Opinion ID: 2632148
Heading Depth: 1
Heading Rank: 6

Heading: Magic Valley failed to seek adequate assurances before repudiating the contract.

Text: In an attempt to justify withholding payment, Magic Valley claims that because Sun Valley did not deliver on contract 9418, Magic Valley was forced to enter into contracts for cover in July of 1995. Magic Valley bolsters this claim by arguing that as early as March 1995 Sun Valley began delivering potatoes to third parties. In such a situation the UCC provides that [w]hen reasonable grounds for insecurity arise with respect to the performance of either party the other may in writing demand adequate assurance of due performance and until he receives such assurance may if commercially reasonable suspend any performance for which he has not already received the agreed return. I.C. § 28-2-609(1). Magic Valley failed to comply with this statute in two respects. First, Magic Valley did not seek assurances until the end of August 1995, but withheld payment from Sun Valley months prior to that. Thus Magic Valley had already began suspending its performance to pay, months prior to seeking assurances that Sun Valley would deliver. Second, at the time Magic Valley was seeking assurances in August, it had already received the potatoes for which payment was owed. The statute allows suspension of performance only for which he has not already received the agreed return. Thus, because Magic Valley had already received the potatoes under contract 9418 and the previous contracts, it was obligated to pay without regards to Sun Valley's assurances of completion of contract 9418. If Magic Valley was concerned that it was not going to get the potatoes it had contracted for, it should have sought reasonable assurances from Sun Valley in March, when it learned that Sun Valley was shipping to other processors.
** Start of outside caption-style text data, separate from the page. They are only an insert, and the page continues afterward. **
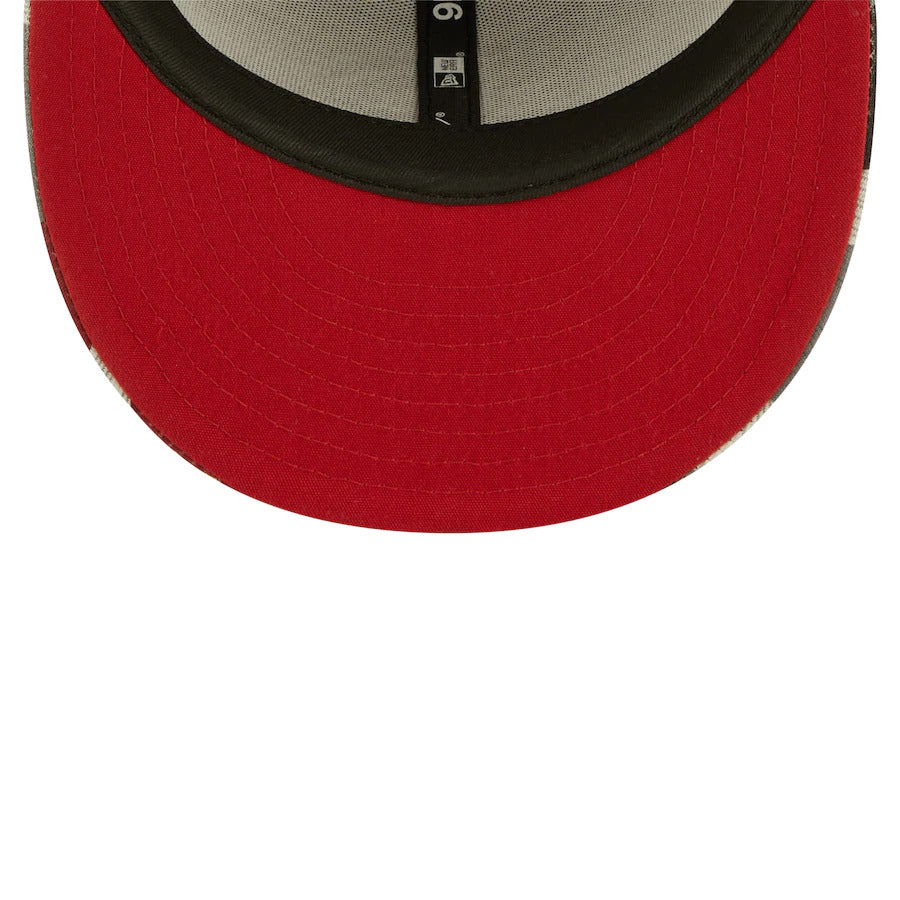Arizona Cardinals New Era NFL 9FIFTY 950 Snapback Cap Hat Team Color Camo Crown/Visor Team Color Logo (2022 NFL Training Camp)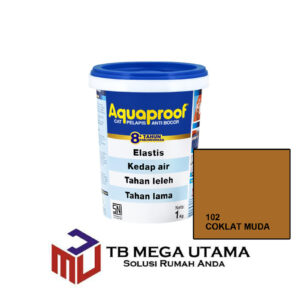 Aquaproof Coklat Muda 102 1 Kg | Cat Waterproofing Pelapis Anti Bocor
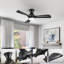 42" 3-Blade LED Standard Ceiling Fan with Remote Control and Light Kit for Living Room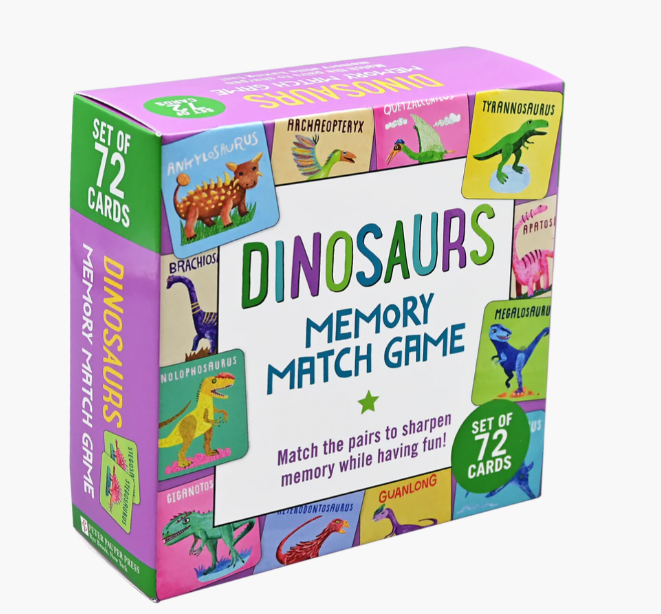 MEMORY MATCH GAME DINOSAUR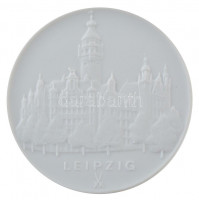 Németország DN 'Leipzig' Meissen kétoldalas porcelán emlékérem tokjában (65mm) T:1-Germany ND 'Leipzig' Meissen two-sided porcelain commemorative medallion in case (65mm) C:AU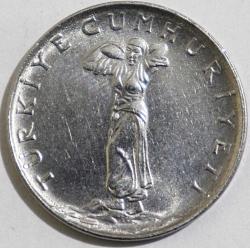 Türkiye Cumhuriyet 1965 Yılı 25 Kuruş Kenar Yazısı Turaya Göre Ters  (9562)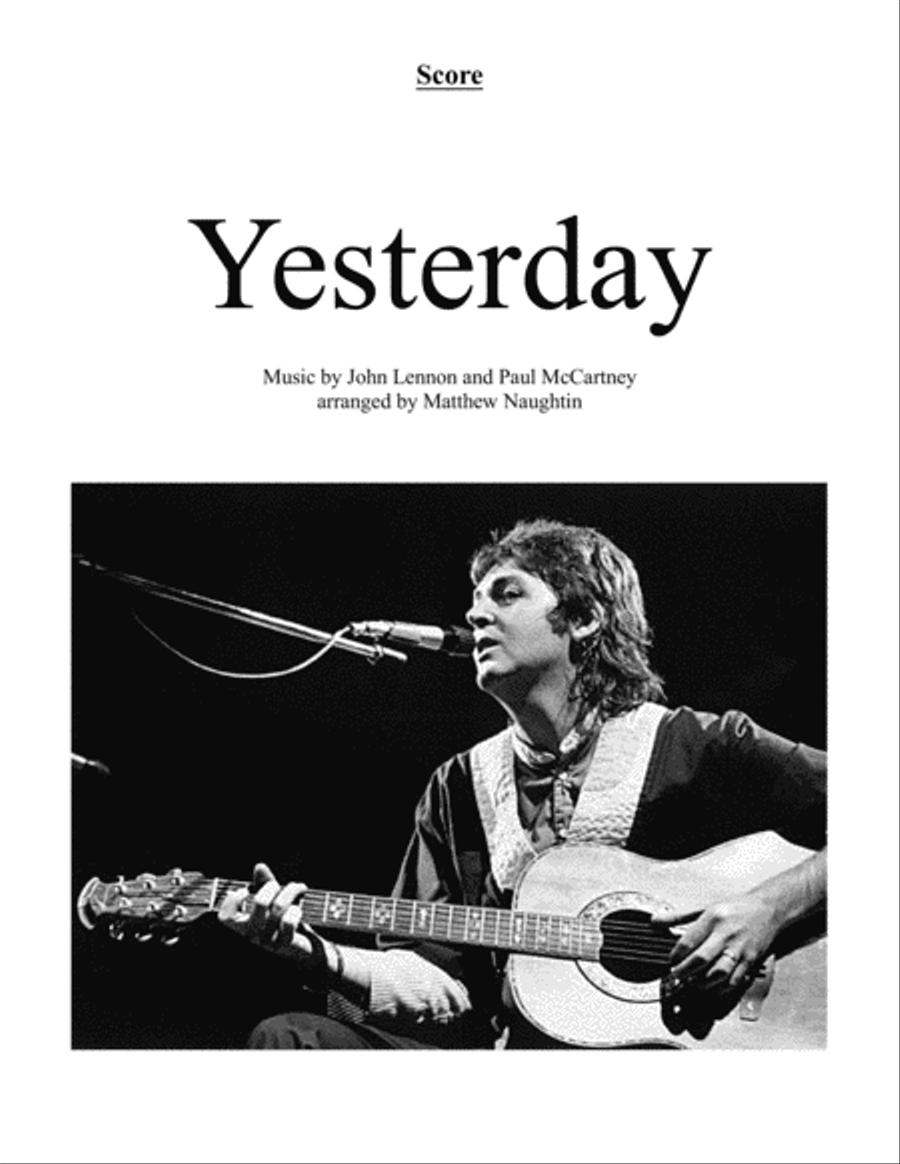 Yesterday String Quartet scores gallery preview page 1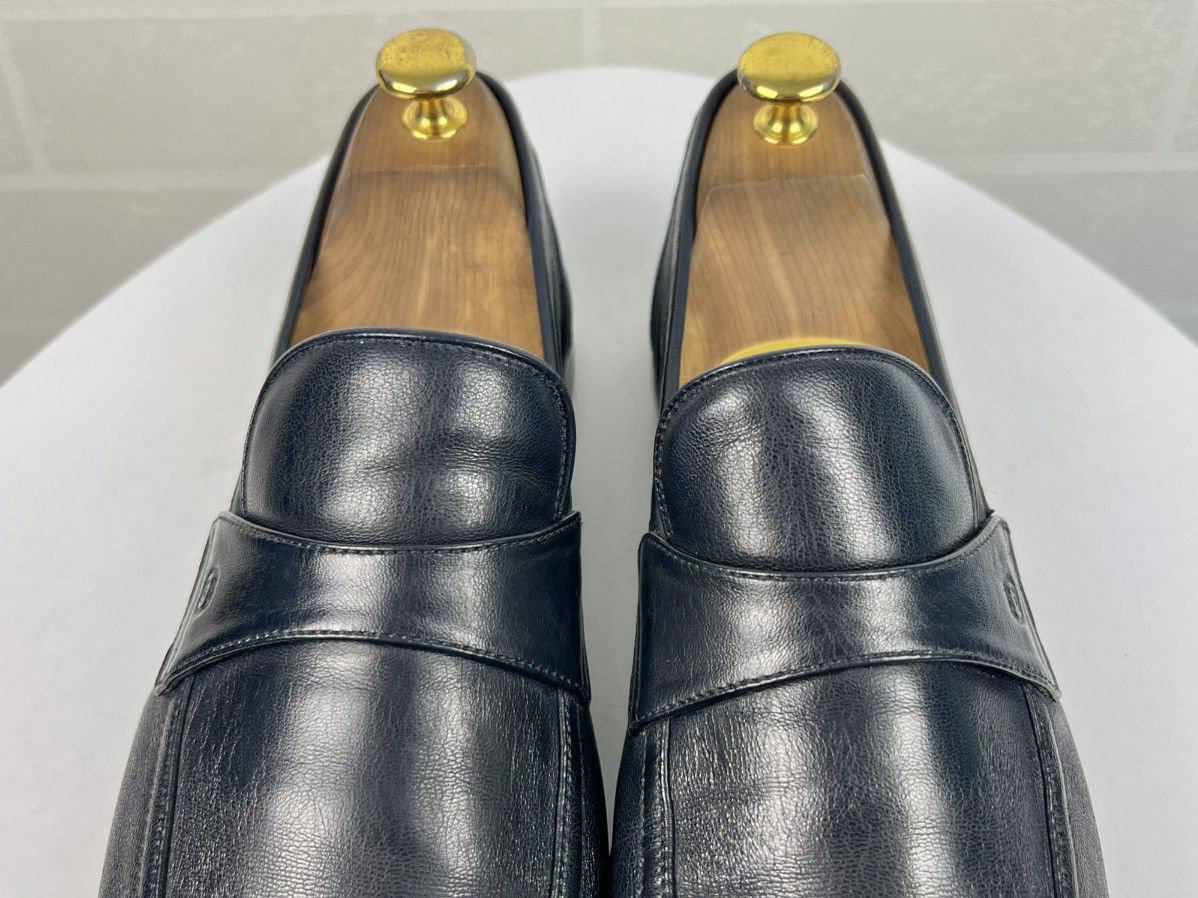 Gucci GUCCI Loafers Nappa Leather Soft Shoes GG Embossed Logo Mens Size US 7.5 / EU 40-41 - 7 Thumbnail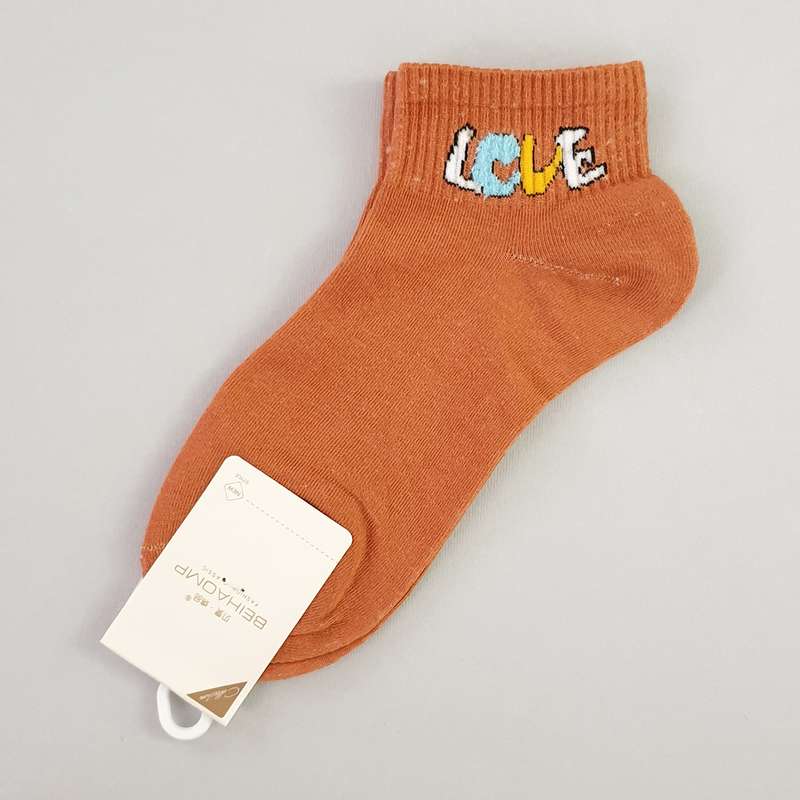 جوراب دخترانه مدل LOVE کد FBF-JB015OR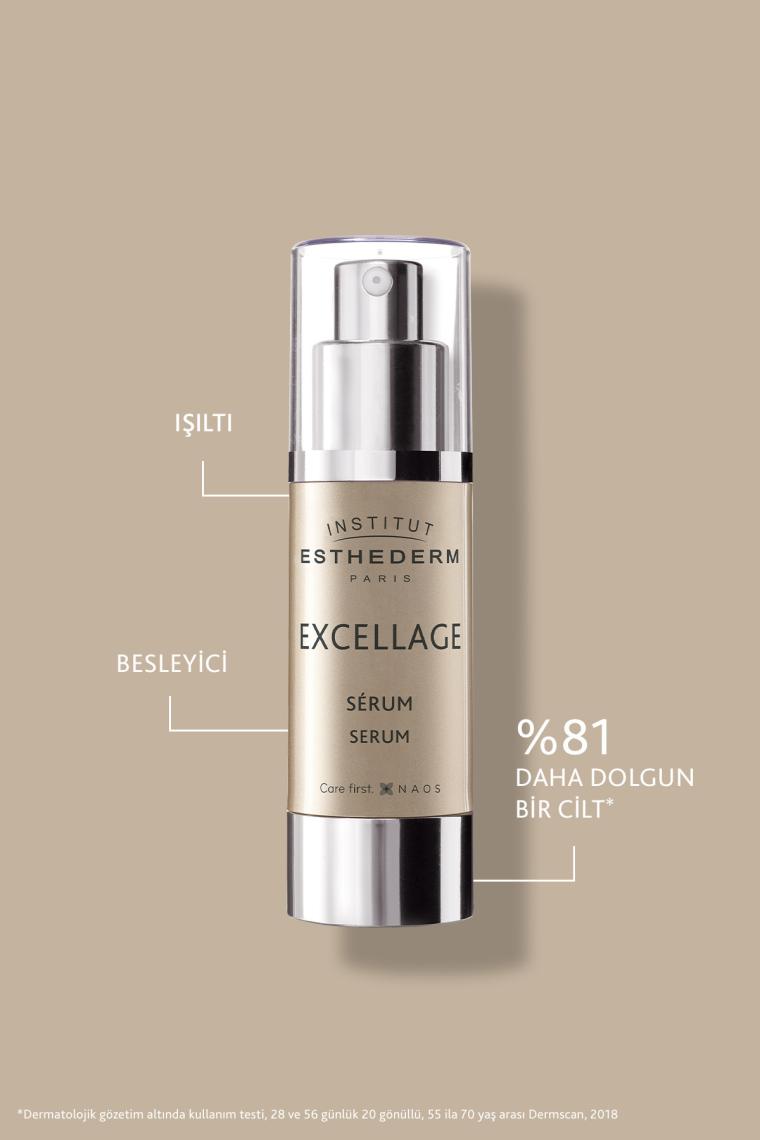 EXCELLAGE SERUM SIKILAŞTIRICI KIRIŞIKLIK KARŞITI DOLGUNLAŞTIRICI NEMLENDİRİCİ GÖZ KREMİ 30 ML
In conclusion, Magic Valley breached contract 9418 by unreasonably withholding payment to Sun Valley on contract 9418 and previous contracts. Sun Valley did not anticipatorily breach because it had completed the requirements of the previous contracts and had at least through the month of September to compete contract 9418. Magic Valley had no justifiable reason to withhold payment on either of the previous contracts or 9418. Because Magic Valley breached the contract by not paying Sun Valley's invoices, Sun Valley was justified in withholding the remaining potatoes under contract 9418. The district court erred in holding that Sun Valley breached the contract and that Magic Valley was entitled to offset its damages against the amount owed to Sun Valley.